#### Raw data
++++
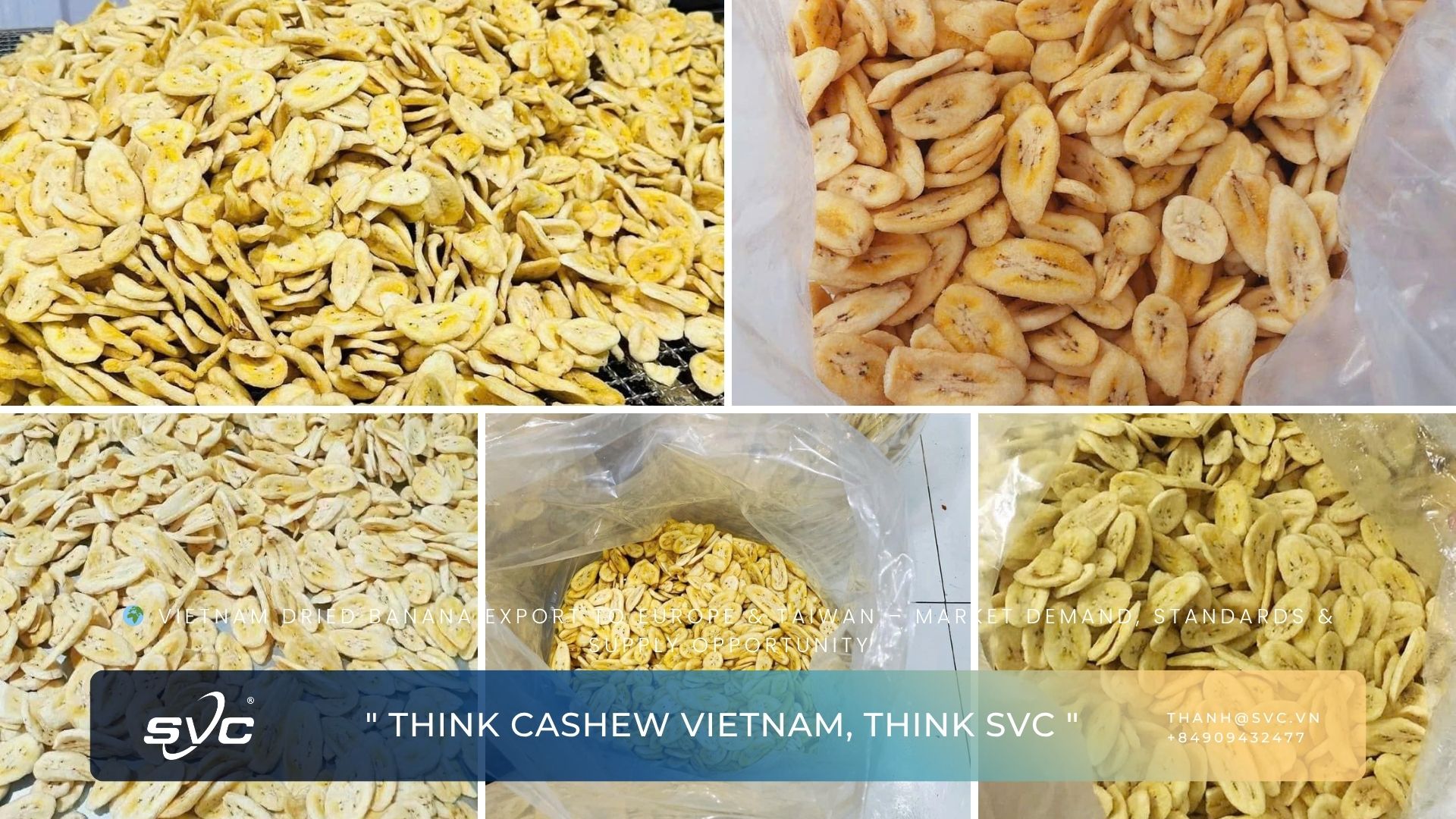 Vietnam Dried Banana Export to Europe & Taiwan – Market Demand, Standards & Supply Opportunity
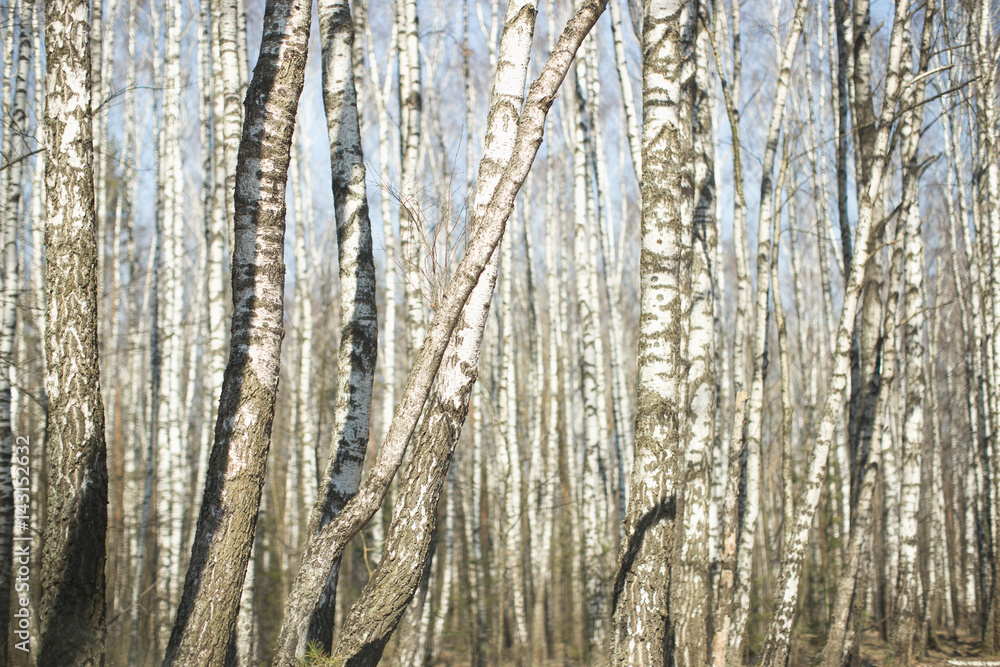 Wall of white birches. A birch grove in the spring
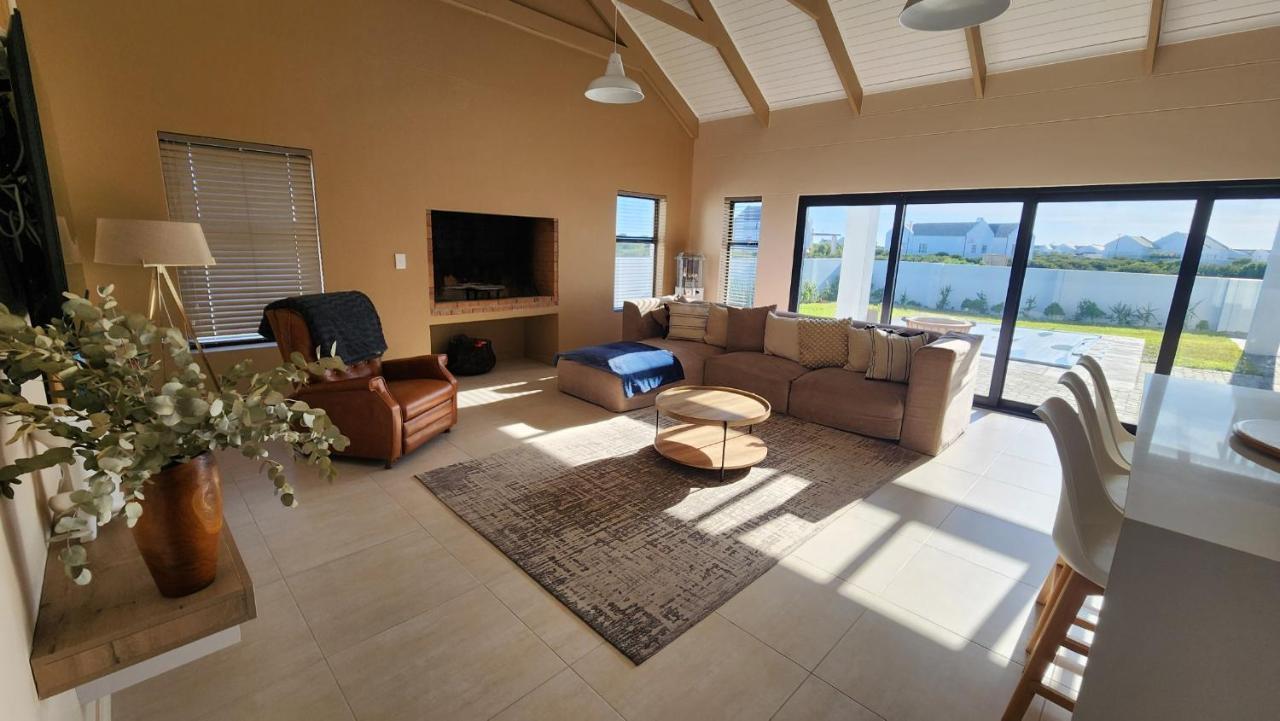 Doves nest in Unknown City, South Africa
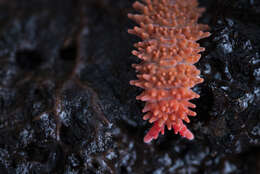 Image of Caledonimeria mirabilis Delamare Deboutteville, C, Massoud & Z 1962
++++
#### Your instructions
The pictures alone are to be left out when the data above is copied; all else must match exactly.

#### Solved exercise
 Vietnam Dried Banana Export to Europe & Taiwan – Market Demand, Standards & Supply Opportunity
 Wall of white birches. A birch grove in the spring
 Doves nest in Unknown City, South Africa
 Image of Caledonimeria mirabilis Delamare Deboutteville, C, Massoud & Z 1962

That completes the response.